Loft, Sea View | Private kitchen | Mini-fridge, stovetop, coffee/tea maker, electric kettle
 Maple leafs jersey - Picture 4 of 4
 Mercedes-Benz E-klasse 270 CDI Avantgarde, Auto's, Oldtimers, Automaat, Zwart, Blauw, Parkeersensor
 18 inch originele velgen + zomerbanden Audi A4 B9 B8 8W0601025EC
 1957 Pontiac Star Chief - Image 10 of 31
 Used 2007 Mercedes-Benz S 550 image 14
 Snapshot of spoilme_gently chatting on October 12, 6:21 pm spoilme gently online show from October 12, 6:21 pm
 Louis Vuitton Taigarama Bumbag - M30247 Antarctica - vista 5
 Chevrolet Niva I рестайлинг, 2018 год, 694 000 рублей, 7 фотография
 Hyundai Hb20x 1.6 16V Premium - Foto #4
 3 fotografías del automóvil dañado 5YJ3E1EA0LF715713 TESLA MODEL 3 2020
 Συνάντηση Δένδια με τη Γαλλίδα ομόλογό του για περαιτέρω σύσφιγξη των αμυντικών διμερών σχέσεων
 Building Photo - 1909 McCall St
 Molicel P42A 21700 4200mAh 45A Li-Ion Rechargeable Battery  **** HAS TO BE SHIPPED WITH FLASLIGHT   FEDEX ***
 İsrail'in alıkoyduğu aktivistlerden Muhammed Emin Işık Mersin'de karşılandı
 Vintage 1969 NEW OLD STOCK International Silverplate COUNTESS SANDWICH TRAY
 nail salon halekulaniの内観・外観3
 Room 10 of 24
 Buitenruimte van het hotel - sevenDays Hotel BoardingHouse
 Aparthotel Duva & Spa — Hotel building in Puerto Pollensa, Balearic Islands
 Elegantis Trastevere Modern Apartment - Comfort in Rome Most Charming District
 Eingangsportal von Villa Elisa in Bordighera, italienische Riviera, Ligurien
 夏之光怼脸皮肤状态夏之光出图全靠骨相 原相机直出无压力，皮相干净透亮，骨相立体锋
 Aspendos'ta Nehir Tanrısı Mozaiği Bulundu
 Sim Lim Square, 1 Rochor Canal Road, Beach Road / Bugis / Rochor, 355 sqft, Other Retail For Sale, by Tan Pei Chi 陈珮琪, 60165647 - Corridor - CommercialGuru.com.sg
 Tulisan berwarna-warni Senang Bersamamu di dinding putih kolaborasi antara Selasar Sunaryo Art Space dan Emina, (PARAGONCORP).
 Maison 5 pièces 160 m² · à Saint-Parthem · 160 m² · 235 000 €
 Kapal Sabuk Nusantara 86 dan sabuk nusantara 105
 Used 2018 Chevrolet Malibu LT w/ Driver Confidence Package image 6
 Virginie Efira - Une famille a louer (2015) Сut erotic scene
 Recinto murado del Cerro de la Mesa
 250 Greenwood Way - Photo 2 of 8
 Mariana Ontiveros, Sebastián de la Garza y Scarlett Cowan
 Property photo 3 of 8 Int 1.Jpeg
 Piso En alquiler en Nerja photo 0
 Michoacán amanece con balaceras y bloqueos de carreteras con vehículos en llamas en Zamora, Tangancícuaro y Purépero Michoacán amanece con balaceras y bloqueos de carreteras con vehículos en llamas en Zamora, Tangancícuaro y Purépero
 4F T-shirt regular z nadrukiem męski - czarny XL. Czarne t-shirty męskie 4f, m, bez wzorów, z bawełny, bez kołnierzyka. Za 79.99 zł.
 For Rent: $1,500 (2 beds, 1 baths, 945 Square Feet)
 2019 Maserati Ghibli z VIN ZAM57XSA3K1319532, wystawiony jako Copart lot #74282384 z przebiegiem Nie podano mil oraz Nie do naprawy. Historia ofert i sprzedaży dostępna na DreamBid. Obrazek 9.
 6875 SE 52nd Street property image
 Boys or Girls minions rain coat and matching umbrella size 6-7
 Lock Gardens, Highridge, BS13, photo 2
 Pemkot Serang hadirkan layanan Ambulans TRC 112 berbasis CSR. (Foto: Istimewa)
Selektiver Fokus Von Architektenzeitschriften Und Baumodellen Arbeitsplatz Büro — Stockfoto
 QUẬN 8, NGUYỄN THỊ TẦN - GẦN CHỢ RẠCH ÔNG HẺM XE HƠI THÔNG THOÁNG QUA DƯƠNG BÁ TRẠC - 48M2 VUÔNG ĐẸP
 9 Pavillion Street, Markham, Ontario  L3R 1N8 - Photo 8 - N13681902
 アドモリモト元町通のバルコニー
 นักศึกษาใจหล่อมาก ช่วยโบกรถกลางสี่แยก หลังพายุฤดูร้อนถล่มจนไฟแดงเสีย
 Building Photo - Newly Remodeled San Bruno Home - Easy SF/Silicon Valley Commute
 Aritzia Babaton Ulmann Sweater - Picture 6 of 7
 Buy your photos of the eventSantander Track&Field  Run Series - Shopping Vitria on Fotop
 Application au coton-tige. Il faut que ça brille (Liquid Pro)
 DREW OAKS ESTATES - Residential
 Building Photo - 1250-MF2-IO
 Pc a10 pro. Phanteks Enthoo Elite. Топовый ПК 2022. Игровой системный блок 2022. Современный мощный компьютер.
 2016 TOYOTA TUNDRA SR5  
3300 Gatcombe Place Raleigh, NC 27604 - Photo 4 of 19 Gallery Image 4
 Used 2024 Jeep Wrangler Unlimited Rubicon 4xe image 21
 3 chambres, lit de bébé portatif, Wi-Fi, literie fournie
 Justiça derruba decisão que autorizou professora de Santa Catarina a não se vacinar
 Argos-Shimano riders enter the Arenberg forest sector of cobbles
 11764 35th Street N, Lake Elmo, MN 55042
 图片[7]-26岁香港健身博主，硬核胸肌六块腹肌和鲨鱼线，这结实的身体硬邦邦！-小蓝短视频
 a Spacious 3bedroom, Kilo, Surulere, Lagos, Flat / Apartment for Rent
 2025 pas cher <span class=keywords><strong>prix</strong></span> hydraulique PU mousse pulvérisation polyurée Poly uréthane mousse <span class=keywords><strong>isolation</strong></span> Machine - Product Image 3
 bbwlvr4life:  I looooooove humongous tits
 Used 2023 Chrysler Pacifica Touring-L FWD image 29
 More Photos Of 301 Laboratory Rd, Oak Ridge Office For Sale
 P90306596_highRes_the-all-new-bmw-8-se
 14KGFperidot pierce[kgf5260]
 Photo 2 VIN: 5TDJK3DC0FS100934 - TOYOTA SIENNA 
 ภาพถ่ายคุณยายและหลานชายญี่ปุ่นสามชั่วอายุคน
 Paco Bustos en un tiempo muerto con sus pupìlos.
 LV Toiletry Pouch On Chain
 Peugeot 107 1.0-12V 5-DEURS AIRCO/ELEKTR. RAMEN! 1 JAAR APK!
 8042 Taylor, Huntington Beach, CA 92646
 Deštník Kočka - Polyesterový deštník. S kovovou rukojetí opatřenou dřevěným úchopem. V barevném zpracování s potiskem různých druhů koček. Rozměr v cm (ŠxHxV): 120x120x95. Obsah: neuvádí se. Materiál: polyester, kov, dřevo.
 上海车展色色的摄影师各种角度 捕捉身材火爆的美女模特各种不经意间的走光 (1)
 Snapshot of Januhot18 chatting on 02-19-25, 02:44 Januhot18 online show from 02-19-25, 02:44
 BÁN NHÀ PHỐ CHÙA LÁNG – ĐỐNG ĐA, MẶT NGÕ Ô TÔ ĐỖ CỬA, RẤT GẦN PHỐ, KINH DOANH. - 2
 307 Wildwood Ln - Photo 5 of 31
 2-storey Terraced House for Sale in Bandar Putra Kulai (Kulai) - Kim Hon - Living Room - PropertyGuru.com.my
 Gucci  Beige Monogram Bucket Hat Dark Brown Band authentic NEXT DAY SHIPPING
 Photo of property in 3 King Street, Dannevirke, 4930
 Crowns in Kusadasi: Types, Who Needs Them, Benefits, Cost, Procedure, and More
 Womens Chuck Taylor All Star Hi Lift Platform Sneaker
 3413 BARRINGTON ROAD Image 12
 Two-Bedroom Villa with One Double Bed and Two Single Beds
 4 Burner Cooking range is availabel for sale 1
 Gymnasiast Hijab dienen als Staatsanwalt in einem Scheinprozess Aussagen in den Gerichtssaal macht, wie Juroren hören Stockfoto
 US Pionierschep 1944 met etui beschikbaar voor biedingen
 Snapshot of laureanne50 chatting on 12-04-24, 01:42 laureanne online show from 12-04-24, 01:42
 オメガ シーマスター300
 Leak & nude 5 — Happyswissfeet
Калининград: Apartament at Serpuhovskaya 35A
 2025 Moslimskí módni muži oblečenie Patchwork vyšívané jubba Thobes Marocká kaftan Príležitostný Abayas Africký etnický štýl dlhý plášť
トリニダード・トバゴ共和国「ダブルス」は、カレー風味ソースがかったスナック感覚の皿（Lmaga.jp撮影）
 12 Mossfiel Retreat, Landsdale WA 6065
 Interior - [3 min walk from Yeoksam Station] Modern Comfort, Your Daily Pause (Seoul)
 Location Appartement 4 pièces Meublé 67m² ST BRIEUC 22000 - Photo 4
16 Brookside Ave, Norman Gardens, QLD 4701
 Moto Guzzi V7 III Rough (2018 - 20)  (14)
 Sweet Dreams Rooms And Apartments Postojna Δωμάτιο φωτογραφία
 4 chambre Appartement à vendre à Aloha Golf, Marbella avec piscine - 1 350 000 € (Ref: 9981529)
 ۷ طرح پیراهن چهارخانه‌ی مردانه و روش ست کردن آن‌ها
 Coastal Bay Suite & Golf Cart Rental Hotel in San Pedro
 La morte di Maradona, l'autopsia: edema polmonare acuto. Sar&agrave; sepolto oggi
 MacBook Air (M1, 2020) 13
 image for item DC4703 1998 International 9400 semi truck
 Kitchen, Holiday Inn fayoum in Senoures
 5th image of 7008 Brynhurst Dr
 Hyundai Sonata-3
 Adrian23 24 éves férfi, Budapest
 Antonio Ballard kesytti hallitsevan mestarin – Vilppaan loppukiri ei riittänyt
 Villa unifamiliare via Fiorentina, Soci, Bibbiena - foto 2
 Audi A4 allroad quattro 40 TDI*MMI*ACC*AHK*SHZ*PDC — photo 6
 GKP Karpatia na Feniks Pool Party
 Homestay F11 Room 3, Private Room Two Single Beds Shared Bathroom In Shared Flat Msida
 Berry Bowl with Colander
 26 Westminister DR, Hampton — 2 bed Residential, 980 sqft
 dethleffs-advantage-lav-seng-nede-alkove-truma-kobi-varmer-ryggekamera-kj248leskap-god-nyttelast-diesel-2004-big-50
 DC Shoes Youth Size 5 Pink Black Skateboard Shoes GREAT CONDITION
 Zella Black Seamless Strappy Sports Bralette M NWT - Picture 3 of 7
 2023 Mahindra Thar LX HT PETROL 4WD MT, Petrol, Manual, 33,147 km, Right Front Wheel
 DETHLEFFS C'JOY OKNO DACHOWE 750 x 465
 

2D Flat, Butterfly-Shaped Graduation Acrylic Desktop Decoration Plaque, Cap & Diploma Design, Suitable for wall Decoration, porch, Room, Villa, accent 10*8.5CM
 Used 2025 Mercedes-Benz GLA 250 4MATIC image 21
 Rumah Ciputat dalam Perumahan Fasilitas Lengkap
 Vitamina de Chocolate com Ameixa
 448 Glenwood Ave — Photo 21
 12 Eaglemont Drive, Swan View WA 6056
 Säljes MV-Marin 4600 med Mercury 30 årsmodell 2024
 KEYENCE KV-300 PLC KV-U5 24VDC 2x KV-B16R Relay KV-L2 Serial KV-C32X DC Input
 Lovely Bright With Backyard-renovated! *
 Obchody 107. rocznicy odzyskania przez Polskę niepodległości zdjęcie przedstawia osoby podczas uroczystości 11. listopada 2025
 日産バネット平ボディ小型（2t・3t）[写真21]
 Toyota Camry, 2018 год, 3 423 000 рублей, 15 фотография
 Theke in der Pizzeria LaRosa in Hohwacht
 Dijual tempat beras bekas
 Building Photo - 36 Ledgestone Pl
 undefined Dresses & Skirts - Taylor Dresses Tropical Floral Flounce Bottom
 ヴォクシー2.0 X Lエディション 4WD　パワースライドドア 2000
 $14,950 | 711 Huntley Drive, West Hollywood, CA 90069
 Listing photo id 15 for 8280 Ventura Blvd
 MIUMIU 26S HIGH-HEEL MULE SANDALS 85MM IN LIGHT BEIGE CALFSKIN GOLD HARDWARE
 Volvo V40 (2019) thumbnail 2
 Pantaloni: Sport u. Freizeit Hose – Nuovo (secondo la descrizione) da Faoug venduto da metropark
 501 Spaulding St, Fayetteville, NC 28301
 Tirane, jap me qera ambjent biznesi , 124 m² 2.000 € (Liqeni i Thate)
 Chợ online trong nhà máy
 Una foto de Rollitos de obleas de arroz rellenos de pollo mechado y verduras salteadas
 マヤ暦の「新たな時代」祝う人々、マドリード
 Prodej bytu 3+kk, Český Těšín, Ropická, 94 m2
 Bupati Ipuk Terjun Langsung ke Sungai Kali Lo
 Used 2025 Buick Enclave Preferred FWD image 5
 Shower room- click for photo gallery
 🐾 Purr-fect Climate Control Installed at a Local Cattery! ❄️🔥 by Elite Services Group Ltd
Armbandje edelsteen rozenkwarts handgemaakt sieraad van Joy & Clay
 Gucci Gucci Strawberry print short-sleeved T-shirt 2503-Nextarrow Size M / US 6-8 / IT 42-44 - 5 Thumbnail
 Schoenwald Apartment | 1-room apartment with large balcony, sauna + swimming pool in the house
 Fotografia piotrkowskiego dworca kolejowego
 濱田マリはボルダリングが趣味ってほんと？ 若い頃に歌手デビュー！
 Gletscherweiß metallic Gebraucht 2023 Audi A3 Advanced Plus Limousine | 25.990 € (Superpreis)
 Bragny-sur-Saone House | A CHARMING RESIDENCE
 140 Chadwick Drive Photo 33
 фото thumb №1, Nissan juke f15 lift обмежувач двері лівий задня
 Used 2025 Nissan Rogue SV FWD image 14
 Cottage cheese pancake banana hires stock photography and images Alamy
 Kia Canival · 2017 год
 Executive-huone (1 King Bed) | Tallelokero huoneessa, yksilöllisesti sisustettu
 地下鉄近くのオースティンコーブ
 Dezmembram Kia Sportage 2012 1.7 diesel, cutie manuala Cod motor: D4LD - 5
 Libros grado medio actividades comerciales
□ □ □ □
#### Directions:
Your task is to repeat the records exactly. Begin at their first line and stop after the line containing "18 inch originele".

#### Response below:
Loft, Sea View | Private kitchen | Mini-fridge, stovetop, coffee/tea maker, electric kettle
 Maple leafs jersey - Picture 4 of 4
 Mercedes-Benz E-klasse 270 CDI Avantgarde, Auto's, Oldtimers, Automaat, Zwart, Blauw, Parkeersensor
 18 inch originele velgen + zomerbanden Audi A4 B9 B8 8W0601025EC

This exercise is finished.